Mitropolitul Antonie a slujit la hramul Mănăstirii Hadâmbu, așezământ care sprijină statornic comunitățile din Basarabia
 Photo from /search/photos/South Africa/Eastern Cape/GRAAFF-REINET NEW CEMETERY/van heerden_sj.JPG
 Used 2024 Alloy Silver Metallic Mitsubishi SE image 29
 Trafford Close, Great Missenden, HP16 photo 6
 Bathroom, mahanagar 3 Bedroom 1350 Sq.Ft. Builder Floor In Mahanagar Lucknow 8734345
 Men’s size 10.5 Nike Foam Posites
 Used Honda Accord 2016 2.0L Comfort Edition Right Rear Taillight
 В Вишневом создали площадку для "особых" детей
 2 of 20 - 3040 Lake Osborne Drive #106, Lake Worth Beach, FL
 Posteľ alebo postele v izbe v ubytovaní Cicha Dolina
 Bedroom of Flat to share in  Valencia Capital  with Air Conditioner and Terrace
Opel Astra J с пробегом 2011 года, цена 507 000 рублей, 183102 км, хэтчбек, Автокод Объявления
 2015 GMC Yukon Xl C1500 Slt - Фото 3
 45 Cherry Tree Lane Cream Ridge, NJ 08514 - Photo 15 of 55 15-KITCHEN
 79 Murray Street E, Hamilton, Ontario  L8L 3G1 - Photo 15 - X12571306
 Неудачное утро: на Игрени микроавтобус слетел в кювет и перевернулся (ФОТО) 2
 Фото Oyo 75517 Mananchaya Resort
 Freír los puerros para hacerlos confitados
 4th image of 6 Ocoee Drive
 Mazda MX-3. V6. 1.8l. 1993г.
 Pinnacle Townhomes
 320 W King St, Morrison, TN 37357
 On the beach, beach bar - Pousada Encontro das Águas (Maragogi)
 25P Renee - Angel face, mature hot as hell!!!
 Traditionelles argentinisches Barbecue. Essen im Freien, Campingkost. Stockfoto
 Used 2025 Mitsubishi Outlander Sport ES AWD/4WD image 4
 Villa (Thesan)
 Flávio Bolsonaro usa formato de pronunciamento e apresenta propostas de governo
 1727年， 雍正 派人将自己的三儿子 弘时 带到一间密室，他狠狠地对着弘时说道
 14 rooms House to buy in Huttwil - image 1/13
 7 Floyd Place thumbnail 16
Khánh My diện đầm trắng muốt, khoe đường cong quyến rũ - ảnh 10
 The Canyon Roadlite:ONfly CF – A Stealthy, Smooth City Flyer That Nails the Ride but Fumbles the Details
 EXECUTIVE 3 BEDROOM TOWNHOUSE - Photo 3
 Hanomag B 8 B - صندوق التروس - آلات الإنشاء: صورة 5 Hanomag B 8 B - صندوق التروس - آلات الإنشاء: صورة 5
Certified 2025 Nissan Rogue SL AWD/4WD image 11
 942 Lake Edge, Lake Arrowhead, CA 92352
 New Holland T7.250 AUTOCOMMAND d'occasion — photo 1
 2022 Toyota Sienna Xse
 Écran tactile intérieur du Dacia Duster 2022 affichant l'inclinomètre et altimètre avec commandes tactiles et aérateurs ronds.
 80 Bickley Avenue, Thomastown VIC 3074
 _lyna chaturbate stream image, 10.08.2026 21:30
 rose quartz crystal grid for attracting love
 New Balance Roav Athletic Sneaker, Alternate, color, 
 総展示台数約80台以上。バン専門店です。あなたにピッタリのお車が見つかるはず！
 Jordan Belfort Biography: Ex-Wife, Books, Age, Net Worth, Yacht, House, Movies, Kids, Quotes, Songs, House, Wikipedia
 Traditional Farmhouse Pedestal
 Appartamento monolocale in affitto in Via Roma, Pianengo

# REQUIRED WORK
Return every record above exactly as written.

# ANSWER BOX
Mitropolitul Antonie a slujit la hramul Mănăstirii Hadâmbu, așezământ care sprijină statornic comunitățile din Basarabia
 Photo from /search/photos/South Africa/Eastern Cape/GRAAFF-REINET NEW CEMETERY/van heerden_sj.JPG
 Used 2024 Alloy Silver Metallic Mitsubishi SE image 29
 Trafford Close, Great Missenden, HP16 photo 6
 Bathroom, mahanagar 3 Bedroom 1350 Sq.Ft. Builder Floor In Mahanagar Lucknow 8734345
 Men’s size 10.5 Nike Foam Posites
 Used Honda Accord 2016 2.0L Comfort Edition Right Rear Taillight
 В Вишневом создали площадку для "особых" детей
 2 of 20 - 3040 Lake Osborne Drive #106, Lake Worth Beach, FL
 Posteľ alebo postele v izbe v ubytovaní Cicha Dolina
 Bedroom of Flat to share in  Valencia Capital  with Air Conditioner and Terrace
Opel Astra J с пробегом 2011 года, цена 507 000 рублей, 183102 км, хэтчбек, Автокод Объявления
 2015 GMC Yukon Xl C1500 Slt - Фото 3
 45 Cherry Tree Lane Cream Ridge, NJ 08514 - Photo 15 of 55 15-KITCHEN
 79 Murray Street E, Hamilton, Ontario  L8L 3G1 - Photo 15 - X12571306
 Неудачное утро: на Игрени микроавтобус слетел в кювет и перевернулся (ФОТО) 2
 Фото Oyo 75517 Mananchaya Resort
 Freír los puerros para hacerlos confitados
 4th image of 6 Ocoee Drive
 Mazda MX-3. V6. 1.8l. 1993г.
 Pinnacle Townhomes
 320 W King St, Morrison, TN 37357
 On the beach, beach bar - Pousada Encontro das Águas (Maragogi)
 25P Renee - Angel face, mature hot as hell!!!
 Traditionelles argentinisches Barbecue. Essen im Freien, Campingkost. Stockfoto
 Used 2025 Mitsubishi Outlander Sport ES AWD/4WD image 4
 Villa (Thesan)
 Flávio Bolsonaro usa formato de pronunciamento e apresenta propostas de governo
 1727年， 雍正 派人将自己的三儿子 弘时 带到一间密室，他狠狠地对着弘时说道
 14 rooms House to buy in Huttwil - image 1/13
 7 Floyd Place thumbnail 16
Khánh My diện đầm trắng muốt, khoe đường cong quyến rũ - ảnh 10
 The Canyon Roadlite:ONfly CF – A Stealthy, Smooth City Flyer That Nails the Ride but Fumbles the Details
 EXECUTIVE 3 BEDROOM TOWNHOUSE - Photo 3
 Hanomag B 8 B - صندوق التروس - آلات الإنشاء: صورة 5 Hanomag B 8 B - صندوق التروس - آلات الإنشاء: صورة 5
Certified 2025 Nissan Rogue SL AWD/4WD image 11
 942 Lake Edge, Lake Arrowhead, CA 92352
 New Holland T7.250 AUTOCOMMAND d'occasion — photo 1
 2022 Toyota Sienna Xse
 Écran tactile intérieur du Dacia Duster 2022 affichant l'inclinomètre et altimètre avec commandes tactiles et aérateurs ronds.
 80 Bickley Avenue, Thomastown VIC 3074
 _lyna chaturbate stream image, 10.08.2026 21:30
 rose quartz crystal grid for attracting love
 New Balance Roav Athletic Sneaker, Alternate, color, 
 総展示台数約80台以上。バン専門店です。あなたにピッタリのお車が見つかるはず！
 Jordan Belfort Biography: Ex-Wife, Books, Age, Net Worth, Yacht, House, Movies, Kids, Quotes, Songs, House, Wikipedia
 Traditional Farmhouse Pedestal
 Appartamento monolocale in affitto in Via Roma, Pianengo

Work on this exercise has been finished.